→ Supplied data
▬▬▬▬▬▬▬▬▬▬

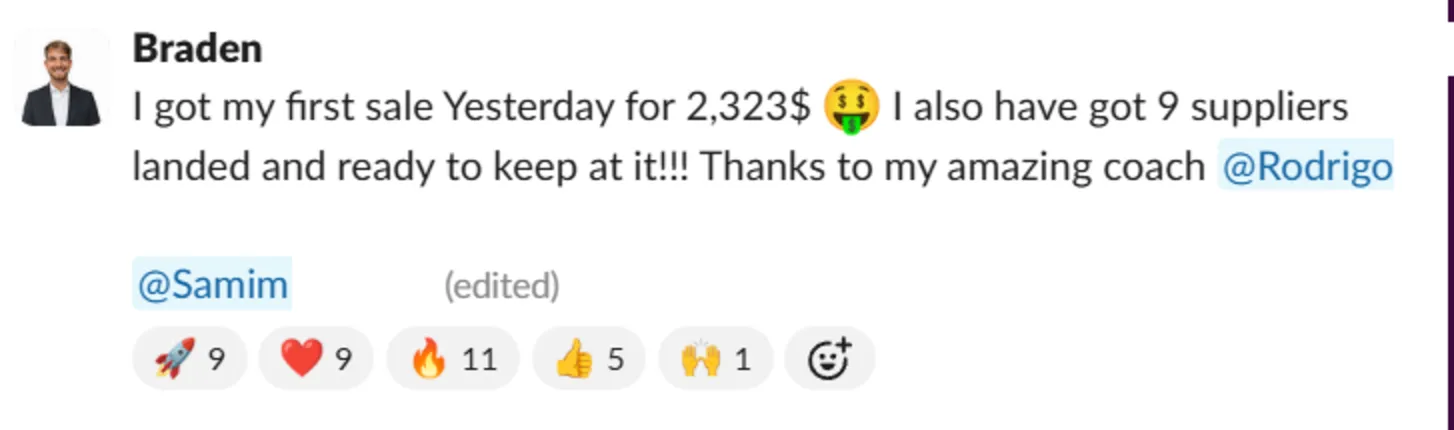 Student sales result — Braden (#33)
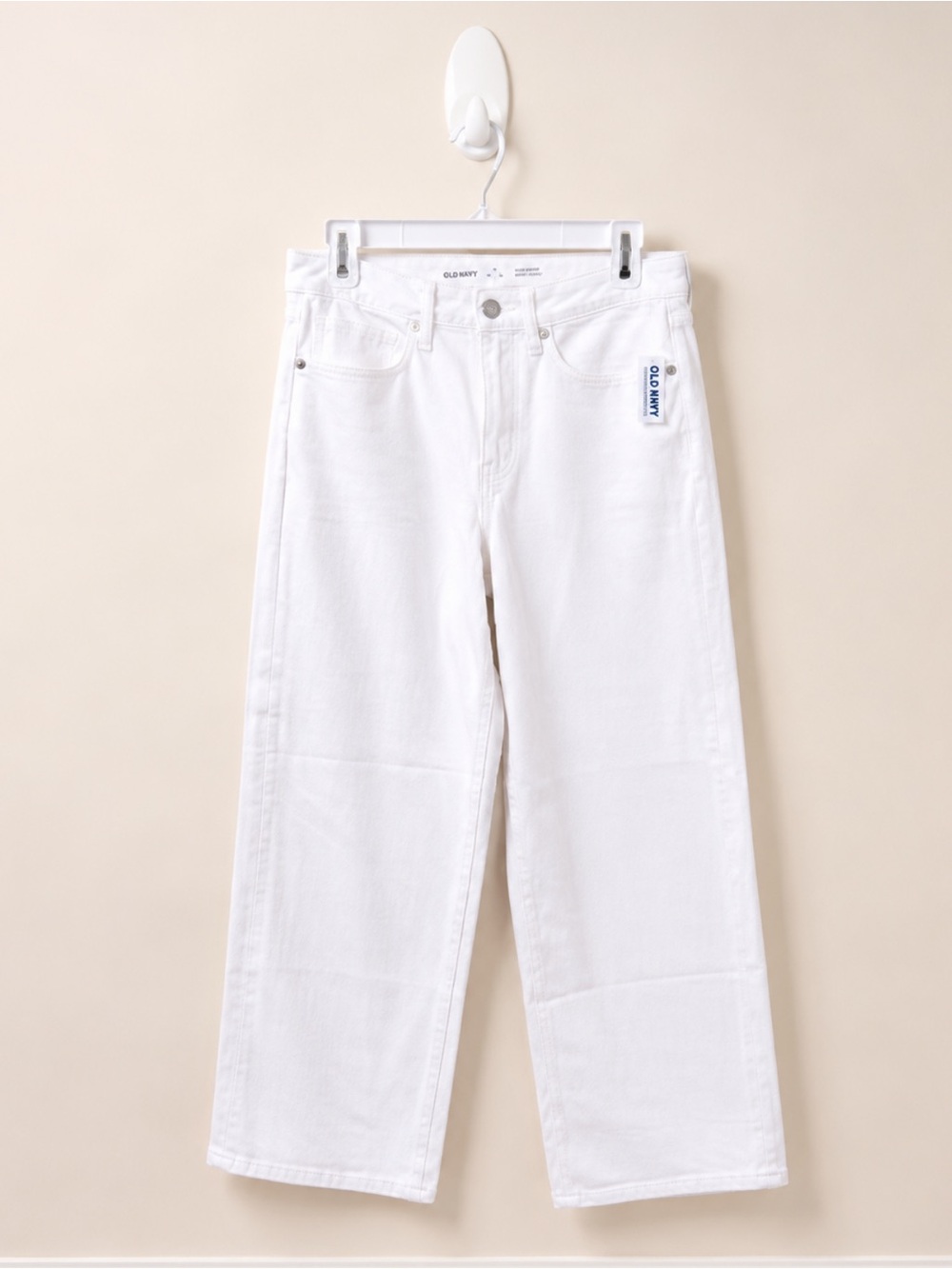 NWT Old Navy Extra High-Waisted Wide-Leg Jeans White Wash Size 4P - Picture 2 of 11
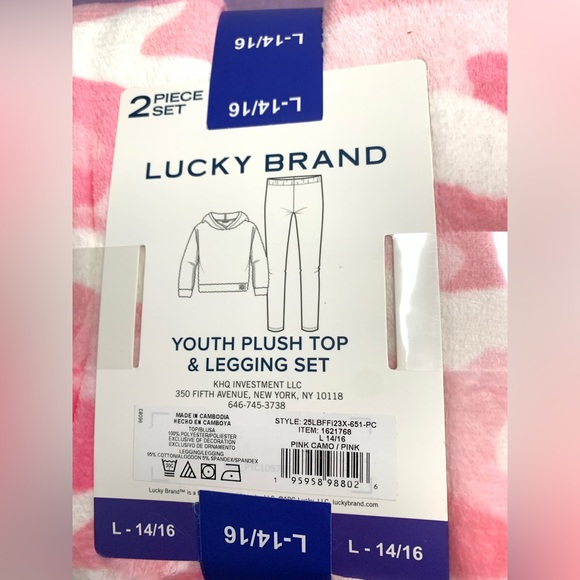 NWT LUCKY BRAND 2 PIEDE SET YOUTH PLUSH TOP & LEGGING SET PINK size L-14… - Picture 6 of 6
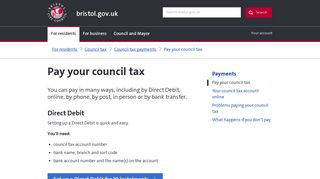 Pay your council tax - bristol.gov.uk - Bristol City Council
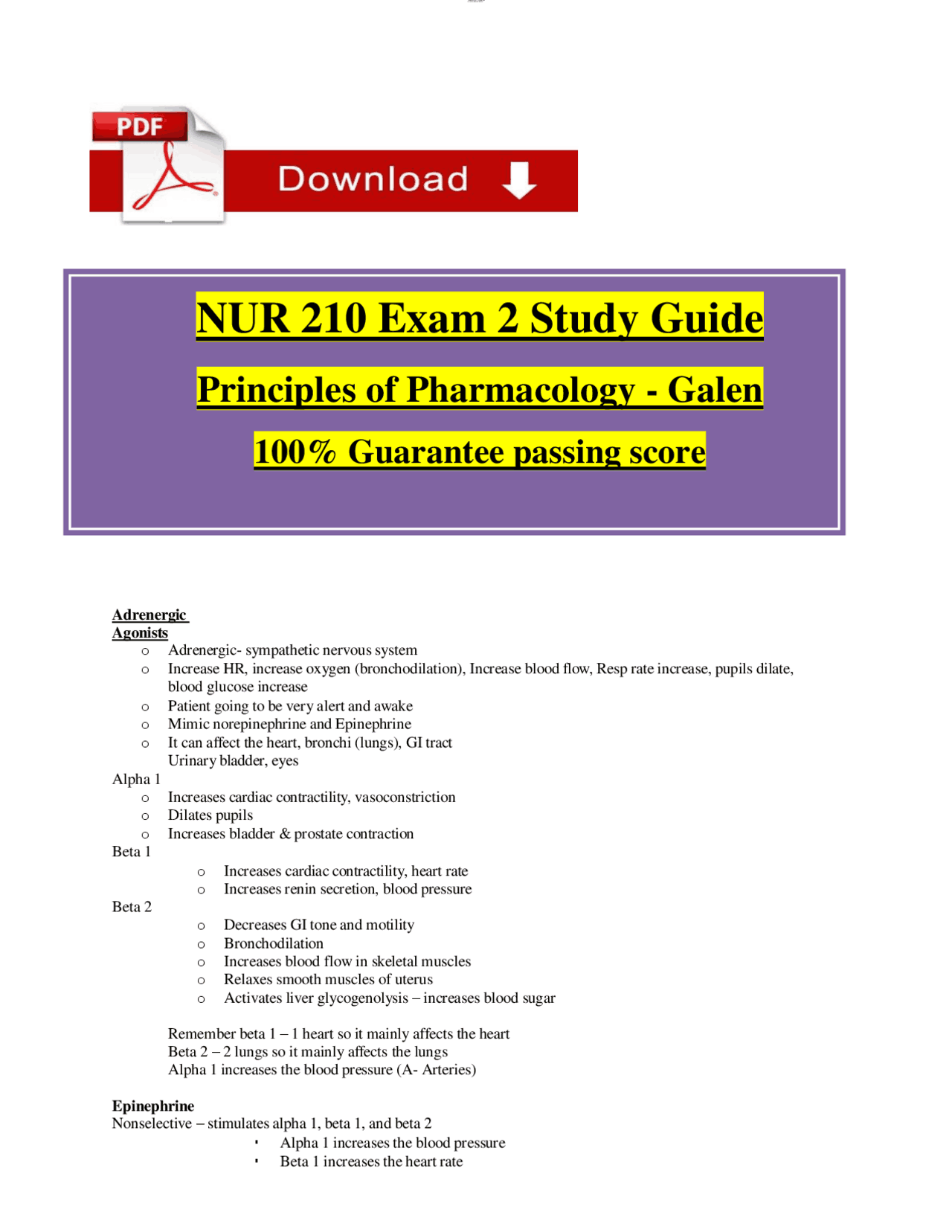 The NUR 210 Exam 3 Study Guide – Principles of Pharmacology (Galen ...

▬▬▬▬▬▬▬▬▬▬

→ What you will do
Set down the data again, exactly, without images.

→ Task output
 Student sales result — Braden (#33)
 NWT Old Navy Extra High-Waisted Wide-Leg Jeans White Wash Size 4P - Picture 2 of 11
 NWT LUCKY BRAND 2 PIEDE SET YOUTH PLUSH TOP & LEGGING SET PINK size L-14… - Picture 6 of 6
 Pay your council tax - bristol.gov.uk - Bristol City Council
 The NUR 210 Exam 3 Study Guide – Principles of Pharmacology (Galen ...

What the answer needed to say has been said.